--- RECORDS SUPPLIED ---
= = = = = = =
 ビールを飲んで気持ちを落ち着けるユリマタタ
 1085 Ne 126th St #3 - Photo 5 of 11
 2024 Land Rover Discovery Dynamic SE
= = = = = = =
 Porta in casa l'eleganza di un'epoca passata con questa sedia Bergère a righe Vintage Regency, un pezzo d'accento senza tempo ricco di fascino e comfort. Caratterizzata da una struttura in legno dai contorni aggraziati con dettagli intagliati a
= = = = = = =
--- WHAT THE TASK ASKS ---
In the listing above, locate the line containing "ビールを飲んで気持ちを落ち着けるユリマタタ" and the line containing "2024 Land Rover Discovery Dynamic SE". Extract those two lines and every line between them, exactly as written, and only those.

--- ANSWER SPACE ---
 ビールを飲んで気持ちを落ち着けるユリマタタ
 1085 Ne 126th St #3 - Photo 5 of 11
 2024 Land Rover Discovery Dynamic SE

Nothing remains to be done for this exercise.